This is bad news:
Justice Sandra Day O’Connor, the first woman to serve on the United States Supreme Court, announced today that she is resigning, setting off what is expected to be a tumultuous fight over confirming her successor.
Justice O’Connor, 75, is widely viewed as the critical swing vote on abortion, affirmative action and other hot-button issues that have divided the court, and her departure is sure to ignite a passionate ideological battle throughout the summer.
There were rumors that O’Connor joined the execrable 5-4 decision in Bush v. Gore, making George W. Bush president by stopping the counting of actual ballots cast by actual voters, because she wanted to retire, and wanted a Republican president to name her successor.
I don’t know whether those rumors were true. Certainly, she didn’t retire during Bush’s first term. Maybe she felt guilty, seeing that everyone saw right through Bush v. Gore. Maybe she was appalled by the lunatic fringe ideologues Bush was appointing to federal courts.
O’Connor was appointed by Ronald Reagan, and started out as a reliable conservative vote on the Court. With the elevation of William Rehnquist to Chief Justice and the addition of Antonin Scalia and Clarence Thomas to the Court, O’Connor has seemed less ideological, often casting the swing vote in hotly divided cases and providing the voice of sanity and reason.
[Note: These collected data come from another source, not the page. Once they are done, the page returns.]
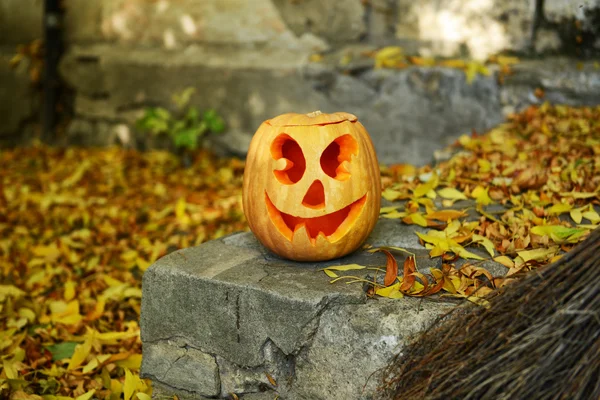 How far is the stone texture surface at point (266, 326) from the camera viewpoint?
1.76m

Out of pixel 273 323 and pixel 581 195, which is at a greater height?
pixel 581 195

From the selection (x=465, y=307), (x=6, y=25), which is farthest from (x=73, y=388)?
(x=6, y=25)

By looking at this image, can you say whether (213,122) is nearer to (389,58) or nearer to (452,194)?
(389,58)

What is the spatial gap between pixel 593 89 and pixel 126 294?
279cm

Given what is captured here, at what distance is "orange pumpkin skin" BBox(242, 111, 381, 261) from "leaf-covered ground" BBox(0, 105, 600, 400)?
0.13m

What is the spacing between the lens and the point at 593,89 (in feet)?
11.8

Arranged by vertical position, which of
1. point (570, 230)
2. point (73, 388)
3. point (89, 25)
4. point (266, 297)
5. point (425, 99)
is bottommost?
point (73, 388)

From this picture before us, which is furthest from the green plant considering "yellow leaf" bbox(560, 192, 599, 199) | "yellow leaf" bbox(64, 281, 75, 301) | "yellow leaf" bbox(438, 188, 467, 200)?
"yellow leaf" bbox(560, 192, 599, 199)

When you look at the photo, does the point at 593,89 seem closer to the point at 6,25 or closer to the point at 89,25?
the point at 89,25

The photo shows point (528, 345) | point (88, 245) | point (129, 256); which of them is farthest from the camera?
point (88, 245)

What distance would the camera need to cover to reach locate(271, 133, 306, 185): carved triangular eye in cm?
208

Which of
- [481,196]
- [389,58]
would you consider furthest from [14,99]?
[481,196]

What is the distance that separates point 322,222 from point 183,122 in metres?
2.86

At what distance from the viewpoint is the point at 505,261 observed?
79.0 inches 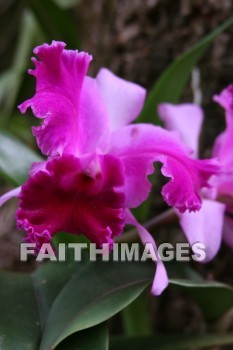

Her departure will be a great loss to sanity and reason, because George W. Bush will choose her replacement.
Another Scalia, another Thomas, another Rehnquist would not bode well for the Court or the country.
One friend likes to remind me that Dwight D. Eisenhower named Earl Warren to the Supreme Court, and was deeply disappointed when Warren turned out to be his own man. Maybe Bush’s nominee will disappoint Bush by being better than planned?
Sadly, I don’t think so. The Republicans have gotten really good at the art of the ideological litmus test. Scalia and Thomas are two examples. They’re the two justices George W. Bush admires most. Bush’s nominee will help shape the Court, the law, and the nation for twenty to thirty years to come. I see dark days ahead.